Increased Investment After AfCFTA is Consistent with Sound Business Judgment
AfCFTA will trigger substantial additional U.S. investment, because AfCFTA changes the value proposition for U.S. investors by providing a larger market with lower risk. First, AfCFTA expands the market which can be served. By providing a single market with reduced cross border barriers, investors can undertake larger revenue projects on a regional rather than merely national scale. Prior to AfCFTA, approximately 25% of all intra-African exports in 2017 were for oil, gas and electrical energy. Now, with the economies of scale available for regional power solutions, we can reasonably expect the power export market to markedly expand. The anticipated prospect of regional power solutions is already attracting increased investment in African power projects, which would have been unfeasible prior to AfCFTA. For example, Botswana and Namibia are developing a huge 5000MW solar project to provide and trade power with 12 neighboring countries. Supported in part by Power Africa and other members of the World Economic Forum, this heavyweight project will create investment opportunity for every aspect of goods and services along the program’s value chain.

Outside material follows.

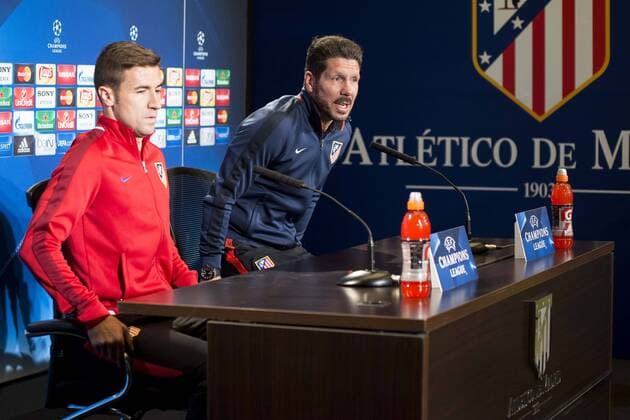 Gabi Fernandez and coach Diego Simeone during Atletico de Madrid s press conference PK Pressekonferenz the day before the EUFA Champions League match between Atletico de Madrid and FC. Barcelona at Vicente Calderon in Madrid. April 13, 2016.  (20160413004)
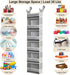 Over The Door Hanging Organizer with 6-Shelves and 12 Side Pockets for Bathroom and Bedroom, Grey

AfCFTA also promises to change the value proposition for U.S. investment by reducing risk. In addition to reducing costs from tariffs and non-trade barriers, AfCFTA promises to provide a protocol for the reasonable resolution of investor-state disputes. This protocol, presently anticipated to be delivered and adopted by June of 2020, should make investment with African countries, particularly in capital intensive oil and power, less risky for the investors and for African countries. Before AfCFTA, in addition to normal business risk, investment in Africa’s oil and power industries was subject to a host of additional risks, ranging from post contract regulation or taxation to outright expropriation. Wary of local judiciaries serving the contracting countries, investors sought to protect their investments through arbitration and litigation subject to a patchwork of treaties and contractual clauses—with mixed results.
In some instances, African countries appear to have been treated unfairly, as with the $9 Billion arbitration award against Nigeria for what appears to be speculative anticipated lost profits from a failed gas processing deal. In other instances, collection by investors of any award or judgment remained unpredictable where it could not be obtained directly from the contracting country and had to be pursued through other treaties like the NY Convention or ICSID Convention—a process complicated by, among other things disparate implementing national laws. Hopefully, the AfCFTA protocol on investor state dispute resolution will further encourage investment by reducing the risk associated with prosecution of investor state claims by providing a transparent, binding and efficient means for investors and states to enforce the reasonable economic expectations arising under their agreements.
Because AfCFTA is consistent with U.S. policy and because it improves the value proposition for investors by providing a larger market with lower risks, AfCFTA will attract substantial additional investment into Africa’s oil and power industries.